Wednesday, March 20, 2013

Fitting a rotation matrix to corresponding points

When tracking a rigid body by following a bunch of points on the body, we need to be able to find the rotation matrix and translation vector that tell us the new orientation and position of the body relative to some canonical orientation and position.

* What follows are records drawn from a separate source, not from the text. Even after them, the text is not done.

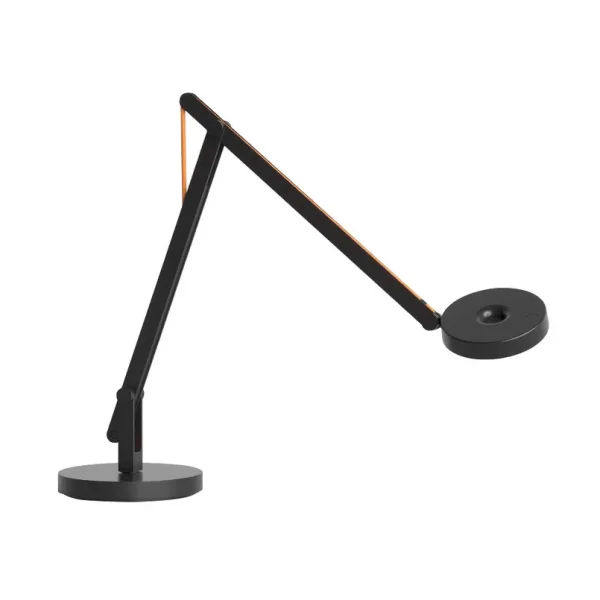 Rotaliana - lampe à poser String Mini T1 LED noire, à intensité variable, CCT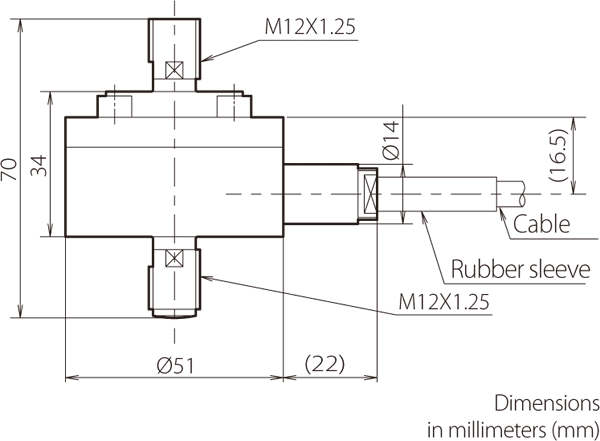 TT-FR(T)☐☐N/KN-G6 Outline Dimensions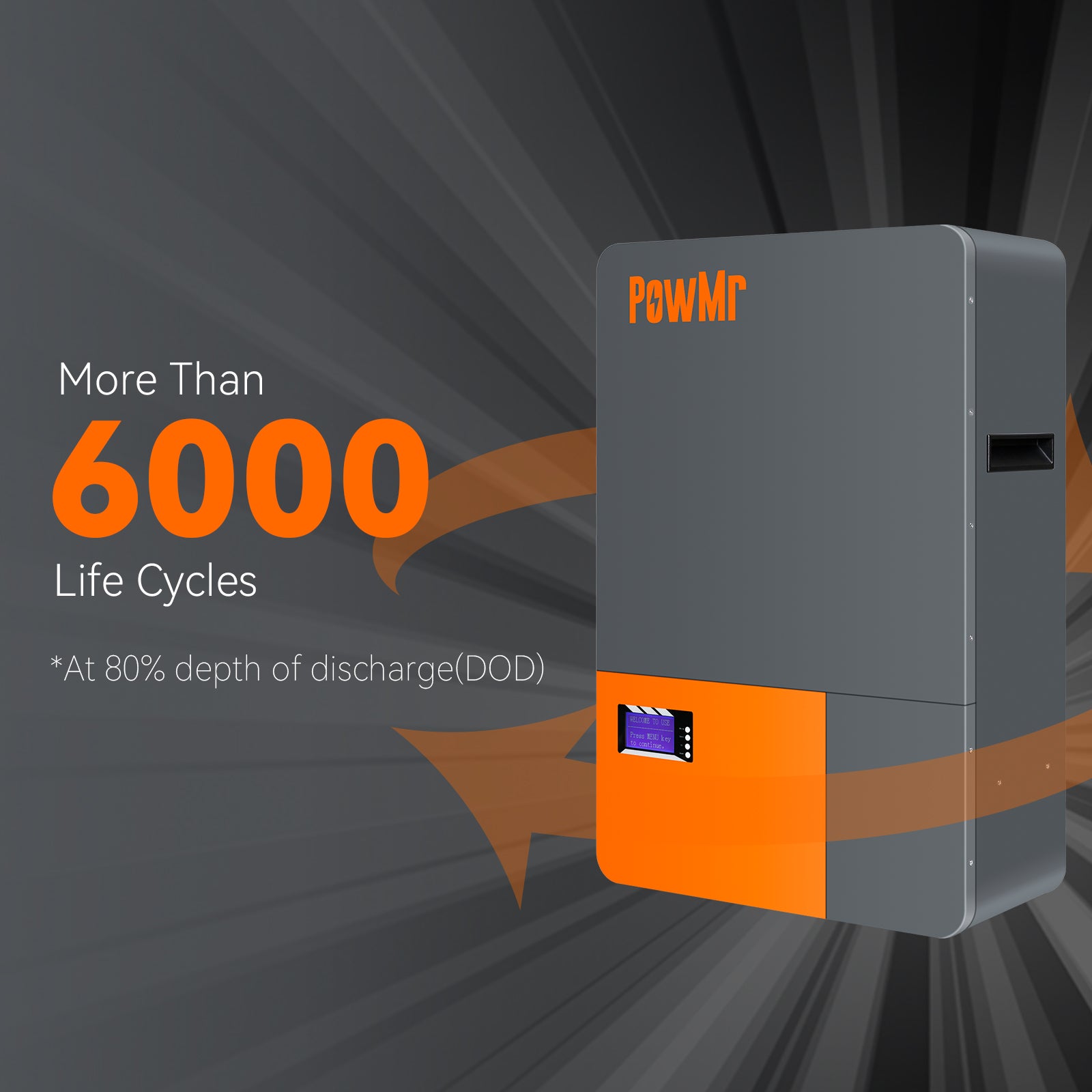 Batterie Solaire MES POWER BANK 100AH-12VOLT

Consider a collection of  $n$ points $A = [a_1 \cdots a_n]$ in $\mathbb{R}^m$ (where, it's likely that $m=3$).  If we assume that $A$ has been rotated by $R$, translated by $t$, and corrupted by Gaussian noise to produce a corresponding collection of points $B = [b_1 \cdots b_n]$ s.t. $b_i=Ra_i+t+w$ where $w\sim \mathcal{N}_m(0,cI)$.  If we want to recover $R$ and $t$, we can use Umeyama's paper to approximately do so.  For those not interested in the proofs, the key equations are numbers 34-42.

It boils down to this:
  1. Find the mean and variance around the mean of both point sets (eqs. 34-37).
  2. Find the covariance of the mean-centered point sets (eq. 38).
  3. Take the singular value decomposition of the the covariance.
  4. Replace the diagonal matrix of singular values with an identity matrix, negating the last value if the determinant of the covariance matrix is less-than zero (eq. 39).
  5. Multiply the matrix back out and you have the rotation matrix, $R$ (eq. 40).
  6. Rotate the mean of the first set and scale by the trace of the singular value matrix (with the same negation as in step 4).  Subtract this from the mean of the second set and you have the translation $t$ (eqs. 41-42). 
Step 4 will probably not be necessary in most cases for the purpose of tracking  a rigid body with motion capture markers. It is intended to prevent the algorithm from finding a mirrored copy of the rotation matrix in cases where the noise is particularly severe.  The scaling in step 6 should also be small if we're dealing with an actual rigid body; so we might optionally skip that part as well.

In pretty equations:

$\bar{a} =  \frac{1}{n}\sum_{i=1}^n a_i $
$\sigma_a^2 = \frac{1}{n}\sum_{i=1}^n \left\| a_i - \bar{a}\right\|^2$  note that this is not the covariance of the points around the mean, but rather the variance of the scalar distance from the mean.
$\Sigma_{ab} = \frac{1}{n}\sum_{i=1}^n (b_i - \bar{b})(a_i - \bar{a})^\text{T}$

$UDV^\text{T} = \text{SVD}(\Sigma_{ab})$
$S = I$ --- If $\text{det}(\Sigma_{ab})<0$ then $S_{mm}=-1$.
$c = \frac{1}{\sigma_a^2}\text{tr}(DS)$

We then find:
$R = USV^\text{T}$
$t = \bar{b} - cR\bar{a}$

In matlab, we have:
m = size(a,1);
n = size(a,2); 
abar = mean(a,2);
bbar = mean(b,2);
aa = a - repmat(abar, 1,n);
bb = b - repmat(bbar,1,n);
va = mean(sum(aa.*aa),2);
sig = bb*aa'*(1.0/n);
[U D V] = svd(sig);
S = eye(m);
if prod(diag(D))<0)
  S(m,m)=-1;
end
R = U*S*V';
c = trace(D*S)/va;
t = bbar - c*R*abar;

This seems to do the trick, and with a little understanding of the singular value decomposition, it's not too unintuitive.  Many thanks to Shinji Umeyama.